William Jennings Bryan, three time Presidential candidate

William Jennings Bryan
(1860—1925)

Holy, Holy, Holy
Delivered in Congress on April 17, 1894, in opposing the adoption of a rule which permitted the counting of a quorum.

MR. SPEAKER: I am obliged to the gentleman from Maine for this courtesy. The question upon which we are called to act is one of a great deal more importance than some members seem to think, and the objection which is made to the rule by some of us, who have not been able to favor it, is based upon reasons far more weighty than gentlemen have assumed.

The constitution of the State of Nebraska, which I have the honor in part to represent, contains this provision:

“No bill shall be passed unless by assent of a majority of all the members elected to each house of the Legislature, and the question upon the final passage shall be taken immediately upon its last reading, and the yeas and nays shall be entered upon the journal.”

The constitutions of a majority of the States of the Union, among them the States of New York, Pennsylvania, Illinois, Indiana, Ohio, and I might name them all if time permitted, provide the same, the object being to prevent less than one-half of all the members elected to the Legislature from passing laws. It is only by the concurrence of a majority of the members that we can know that the majority of the people desire the law. The Constitution of the United States does not contain a similar provision; and there is no question, since the decision of the Supreme Court, that it is within the power of this House to declare by rule in what manner a quorum may be ascertained. It can be done in the manner provided in this rule, or it can be done by the call of the yeas and nays, as it has been done for a hundred years. Now, the question with me is this: which is the safer plan? According to the rule which has been in vogue a hundred years, the minority has the safeguard which is expressly secured in the constitutions of a majority of the States; according to the old rule the minority, by refusing to vote, can compel the concurrence of a majority before a law is passed.
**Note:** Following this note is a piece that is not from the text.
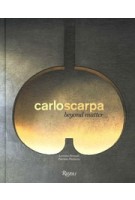 Carlo Scarpa. Beyond Matter | Patrizia Piccinini | 9788891829122 | Rizzoli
Now, I believe that is a wise provision. I do not see why it is wiser in a State than in Congress; I do not know why it is necessary that the members of the Legislature in my State, or in New York, should be compelled to vote yea or nay when a bill shall pass, and that a majority shall concur, unless the same reasons apply in this body.

We are asked to change this rule, which has been in operation since the beginning of the Government, and adopt a new rule; a rule not intended to enable the majority to rule, but to enable less than one-half of the members of Congress to pass laws for this country. I believe that the innovation is a dangerous one. There is far more safety in giving to the minority the power to delay legislation until a majority have expressed themselves in favor of a law. How can you tell that the people of the United States desire a particular law except by the voice of their representatives; and how can we tell that their representatives believe the bill should become a law until they have expressed themselves by vote in favor of the proposition? The naked question brought before us by this rule is: “Shall we so make our rules that the minority of the people of the United States may make the laws, or shall we retain the rule which enables us to compel the concurrence of a majority when it seems of sufficient importance?”

Of course the right to remain silent can be used to filibuster, but we have a rule which shuts off filibustering when a majority desires to vote. We have it in the power of the House—and I think it is a wise provision—to put an end to dilatory motions and to bring the House to a vote when the majority so desires, but a rule to count a quorum is not designed to facilitate the government of a majority, but to enable the representatives of a minority of the people to do business and make laws.